Everyone under the sun has since used a form of it, but the original still makes me laugh.
Right now I'm listening to my iPod and one of my favorite compositions ("Mom" from The Musical Calvin and Hobbes) just popped on. And I had to stop and listen to it, though I've heard it a gumbillion times.
I guess I'm just proud of it. And my friend Mary's performance of it just melts my heart. My female singer friends have that effect on me.
©1992 by Ted Kopulos
[NOTE: This clip is from an evening of my music and lyrics. The Calvin and Hobbes musical has never been produced. A copyright thing, you know. I've yet to even approach creator Bill Watterson about getting the rights.]

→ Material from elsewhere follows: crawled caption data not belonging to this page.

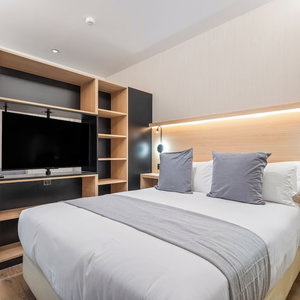 Hotel Medichë Rooms General Ricardos cazare Carabanchel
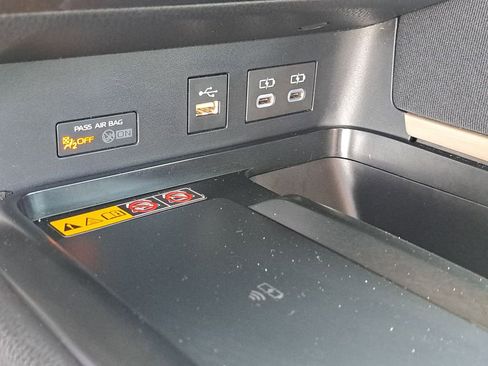 Certified 2025 Toyota Camry LE image 24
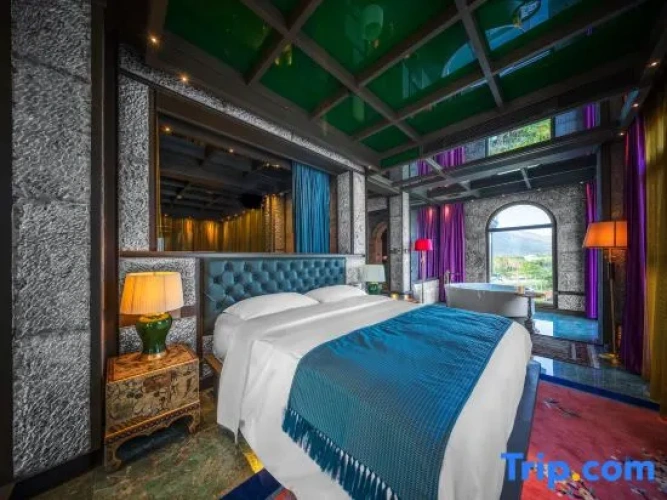 2 Bedrooms Suite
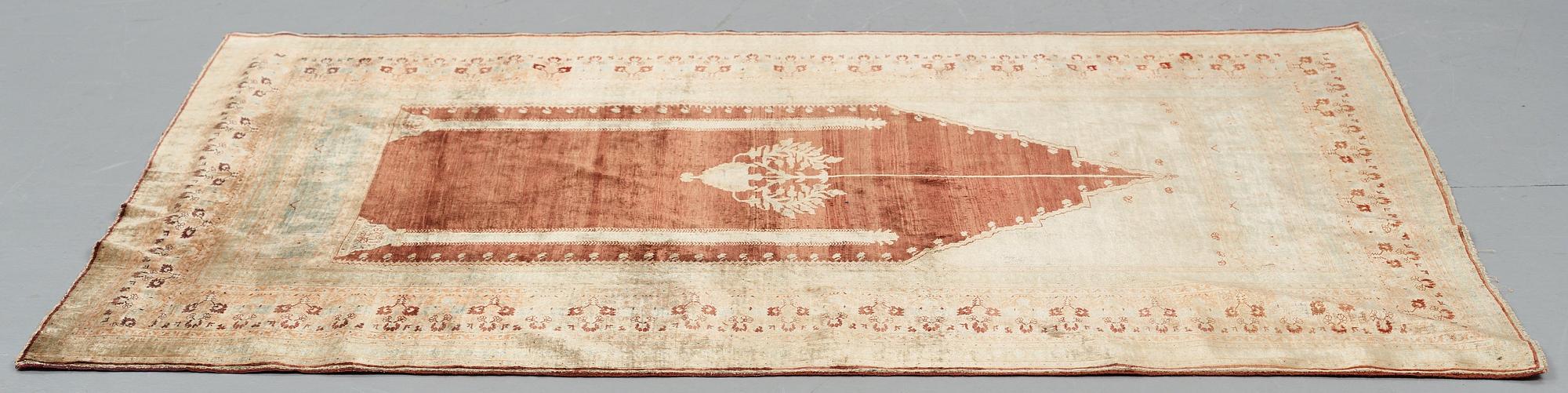 MATTO, an antique silk Tabriz, ca 161,5-163,5 x 121,5-124,5 cm.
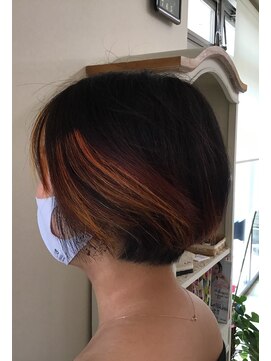 アン ジェ ショートボブ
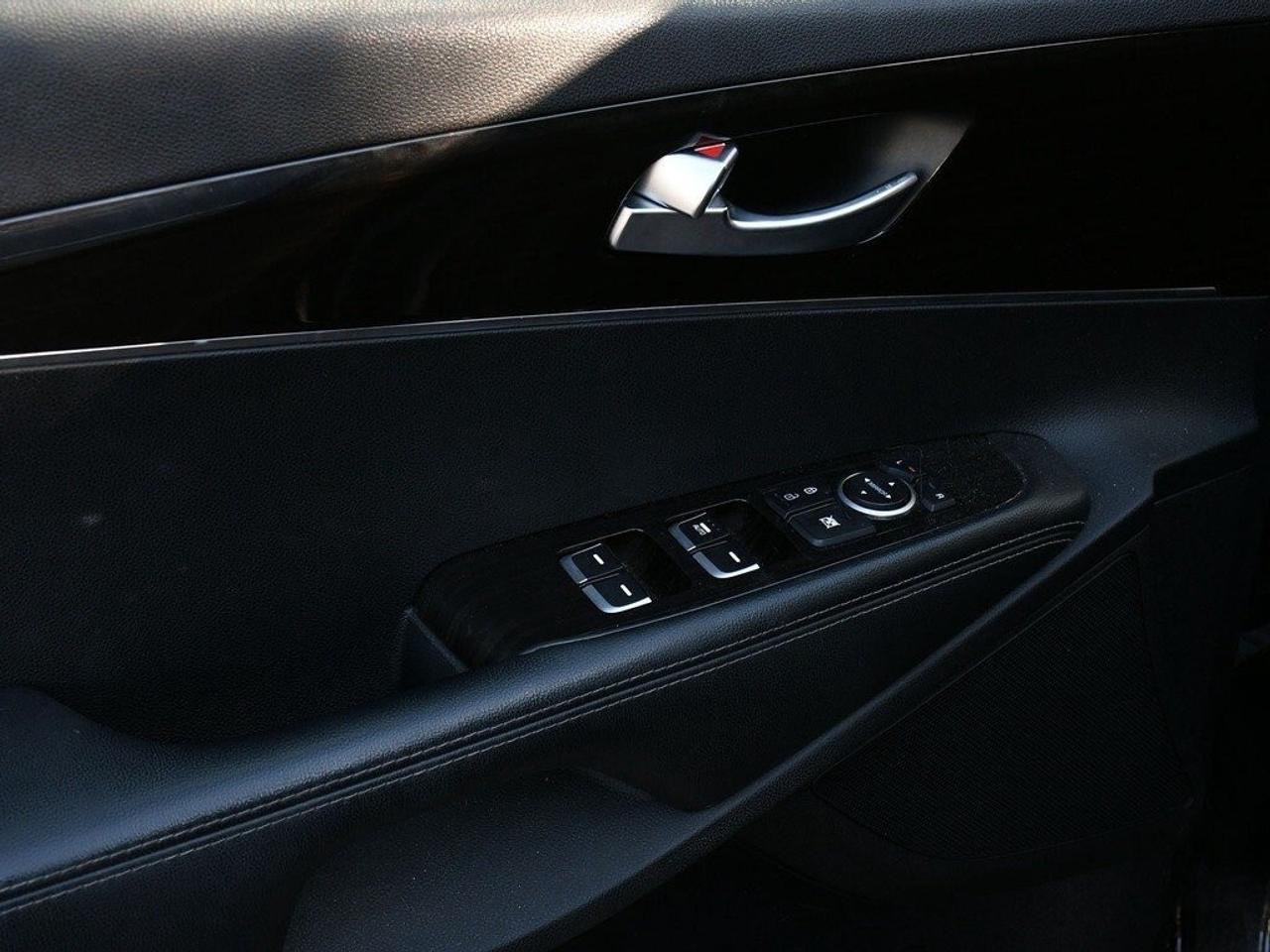 2020 Kia Sorento LX Certified   Backup Camera   Heated Front Seats Photo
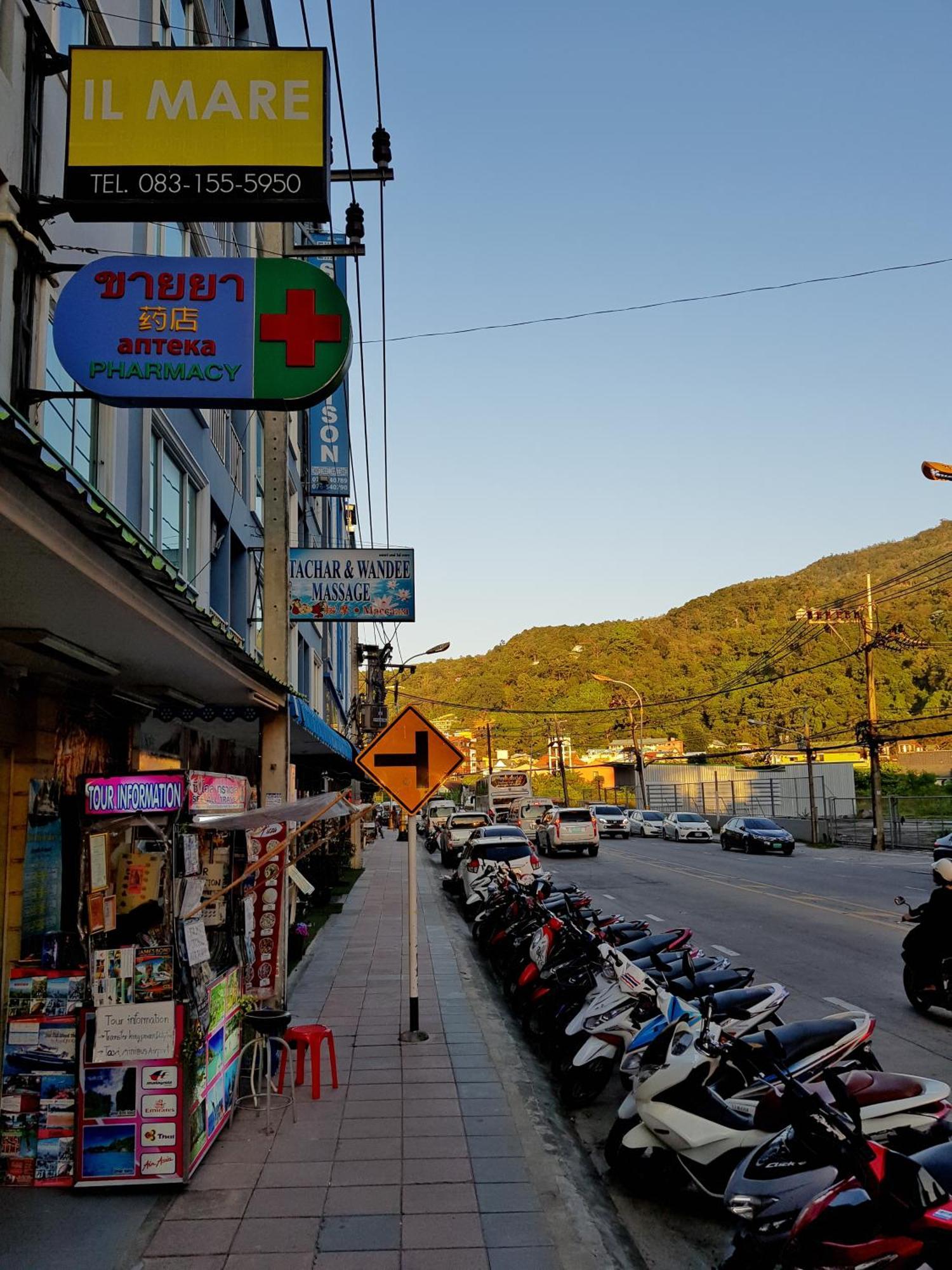 Ilmare Patong Place Bagian luar foto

So what has this to do with sharks? Hang in there.
I used to be a person who thought about the past a lot. Things were better in the past, so I thought. I was so much more consciously passionate about my writing back then, I had more confidence, less real-life worries ... I could look down and see my feet.
Then I thought to be grown up meant to completely let go of the past. Man, was that wrong. Memories really can be great company sometimes. As King Arthur says in Camelot, "There are times, Mordred, when the only true vacation spot is the past."
I've learned during a very hard past two years, that it's a balance. The good things about the past help you keep going into the future. And the bad things in your past help you learn.
Holy crap! This sure turned into an Ann Landers column, didn't it?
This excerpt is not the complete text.